La clinique du sein, c’est un peu comme une école de langue hyper efficace !

La clinique du sein, c’est un peu comme une école de langue hyper efficace !

La photo n’a rien à voir avec la titre mais comme ce blog est plus léger, j’ai essayé de trouver une photo inspirant la légèreté.

Je suis sûre que vous vous dites que je me dis (un peu long comme construction de phrase…) qu’il n’y a que celles qui sont passées par là qui comprennent vraiment. C’est pas tout à fait juste et c’est pas tout à fait faux. Mais pour cela, je dois vous expliquer un phénomène linguistique de malade (au sens propre comme au sens figuré) !

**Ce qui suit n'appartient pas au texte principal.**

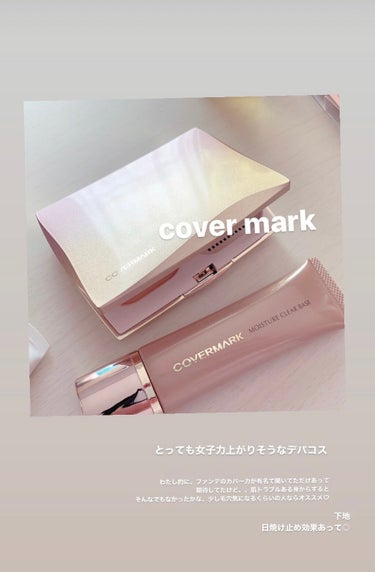 モイスチュア クリア ベース/COVERMARK/化粧下地を使ったクチコミ（1枚目）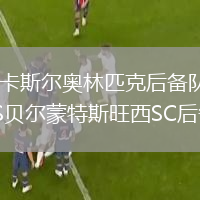紐卡斯爾奧林匹克后備隊VS貝爾蒙特斯旺西SC后備隊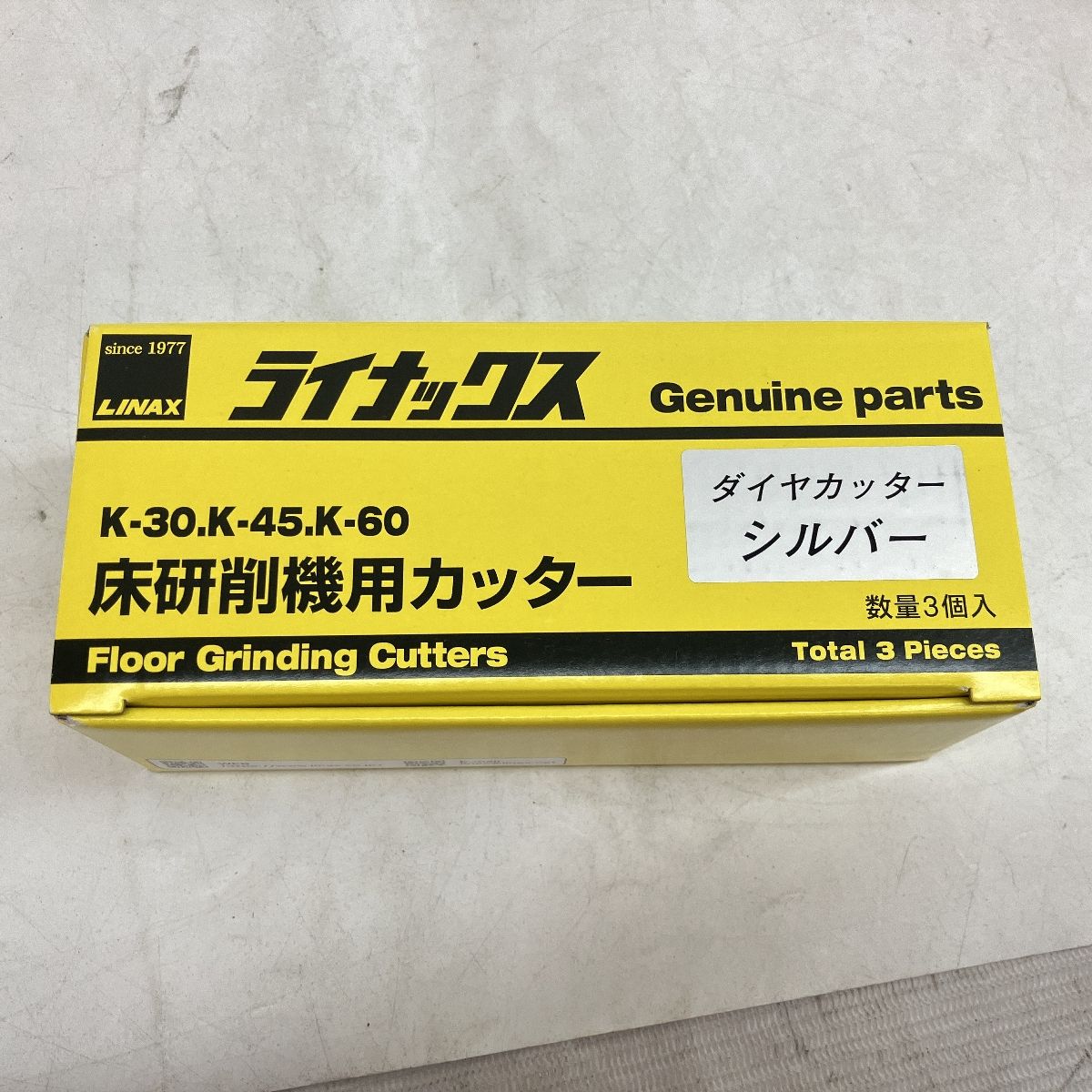 ダイヤカッター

Tous les messages que je reçois sont tous si poignants, c’est magique. Tous plein d’empathie et de paroles réconfortantes. Certains plus poétiques, certains plus drôles, certains plus boostant, certains plus émouvants. On est tous si différents quand on envoie des mots gentils à une personne malade. Mais il y a quelque chose de différent dans les messages de celles qui ont vécu la même chose et de ceux et celles qui ont vécu de près la maladie d’un proche ou d’un enfant.

C’est fou, c’est comme si tout à coup, je découvrais une nouvelle langue que je ne connaissais pas et que je n’aurais jamais pu comprendre avant. A la différence du long apprentissage d’une langue étrangère, celle-là s’apprend en deux secondes. Enfin elle s’apprend juste après avoir pris le trois tonnes dans la tronche (Moi, un cancer ? Mais non !). Ce qui encore plus fou, c’est que la maîtrise quasi parfaite de la langue avec quasi toutes ses finesses arrive après le diagnostic post-opératoire, juste après le trois tonnes et le coup de massue (J’ai rêvé que j’avais dans le ventre un serpent qui avait avalé un chat). C’est vraiment un phénomène incroyable et je me dis que ce serait le rêve de pouvoir apprendre des langues étrangères aussi rapidement.

Cette langue est pleine d’empathie, de sympathie, de codes médicaux, de mots très techniques, de souffrances partagées, d’émotions, de « de tout cœur avec toi » et de « je comprends tellement » qui sonnent tout à fait différemment qu’auparavant. C’est vraiment très très spécial.

Et puis y a plusieurs dialectes aussi et ça, c’est encore plus surprenant. Si vous demandez à un Liégeois de comprendre un Canadien profond ou à Didier par exemple qui parle bien le flamand de comprendre un Hollandais du Nord, ils comprennent que dalle. Cette nouvelle langue a plusieurs dialectes et toutes celles qui la parlent comprennent aussi les dialectes des autres. Dommage que ça ne se passe pas comme ça dans la vraie vie, ça simplifierait tellement un tas de meetings professionnels. Je me suis demandé si j’arriverais à trouver des petits noms mignons pour chaque dialecte mais je suis un peu en manque d’inspiration alors je vais les nommer de manière plus cash. Ces dialectes ne correspondent pas à des zones géographiques mais à des stades de la maladie ou expériences vécues de la maladie. Ils sont parfois au présent ou au passé.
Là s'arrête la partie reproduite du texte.